During an assessment under our new approach
Date of Assessment: 19 November to 25 November 2025. Saville Medical Group is a GP practice and delivers service to approximately 42,000 under a contract held with NHS England. The practice operated as a single-practice Primary Care Network (PCN) and ran across 2 sites: City Centre Surgery and Newbiggin Hall Surgery. The National General Practice Profiles states that 6.2% of patients are aged 65 years or over, compared with the England average of 17.8%. Information published by Office for Health Improvement and Disparities shows that deprivation within the practice population group is in the 4th decile (4 of 10). The lower the decile, the more deprived the practice population is relative to others. This assessment considered the demographics of the people using the service, the context the service was working within and how this impacted service delivery. Where relevant, further commentary is provided in the quality statements section of this report.
This was a comprehensive assessment, undertaken due to the length of time since our last assessment.
The service fostered a positive learning culture, with staff confident to raise concerns and incidents investigated thoroughly. People were kept safe, and staff understood and managed risks well. Facilities were clean and met people's needs. Staff received training and appraisals; however, some gaps remained, including incomplete risk assessments and limited assurance that vaccination records were in place for both clinical and non-clinical staff.

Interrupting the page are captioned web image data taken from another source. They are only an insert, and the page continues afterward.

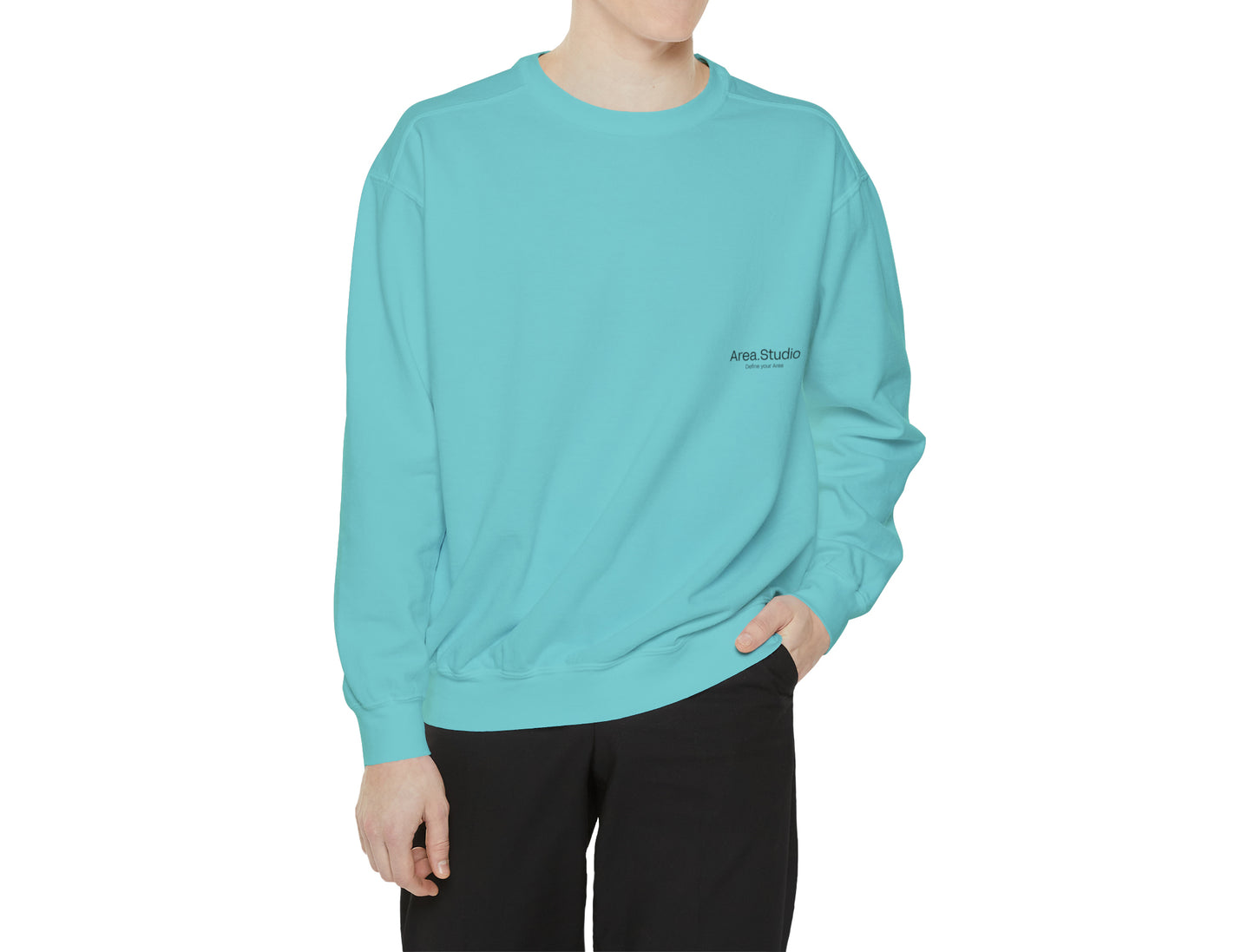 Area.Studio - Unisex Garment Sweatshirt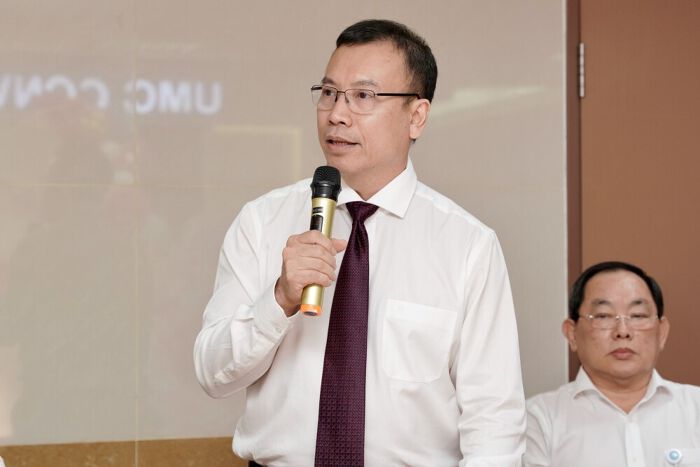 Đầu tư công nghệ vào y tế là để nâng cao chất lượng dịch vụ và chăm sức khỏe, khá khó tính lợi nhuận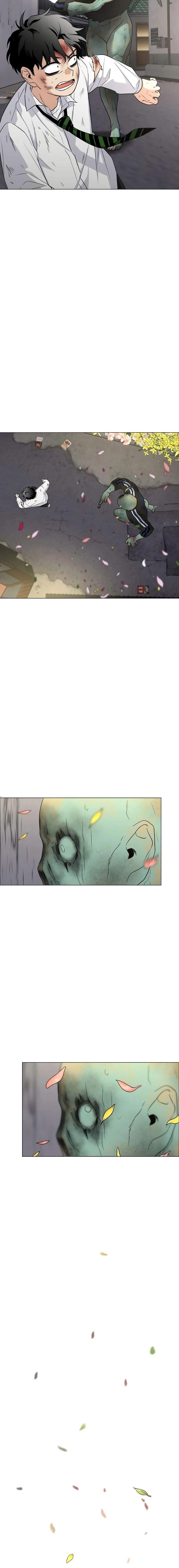 The Shaman’s Blade - Chapter 5 Page 9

People were involved in assessments of their needs, and staff considered individuals’ communication, personal, and health needs. Care was based on latest evidence and good practice. Staff worked collaboratively with all agencies involved in people’s care to achieve the best outcomes and ensure smooth transitions between services. They supported people to understand their care and treatment so they could give informed consent. Where people lacked capacity, staff involved those important to them and made decisions in their best interests.
People were treated with kindness and compassion. Staff protected their privacy and dignity. They treated them as individuals and supported their preferences. People had choice in their care and treatment. The service supported staff wellbeing.
People were involved in decisions about their care, and the service provided information in ways they could understand. People knew how to give feedback and were confident it was taken seriously and acted upon. The service was easy to access and worked to eliminate discrimination, ensuring fair and equal care and treatment. It also aimed to reduce health and care inequalities through staff training and feedback. People understood their options, including the choice to withdraw or decline care, and were supported in planning their care.
Leaders were visible, knowledgeable, and supportive, actively helping staff develop in their roles. Staff felt able to give feedback and were treated equally, free from bullying or harassment. Roles and responsibilities were clearly understood. Managers engaged with the local community to deliver the best possible care and were receptive to new ideas. There was a strong culture of continuous improvement; however, some governance gaps were identified during the assessment, including no legionella risk assessments and limited assurance that staff vaccination records were up to date. Following the assessment, leaders told us they had taken prompt action and these issues were addressed.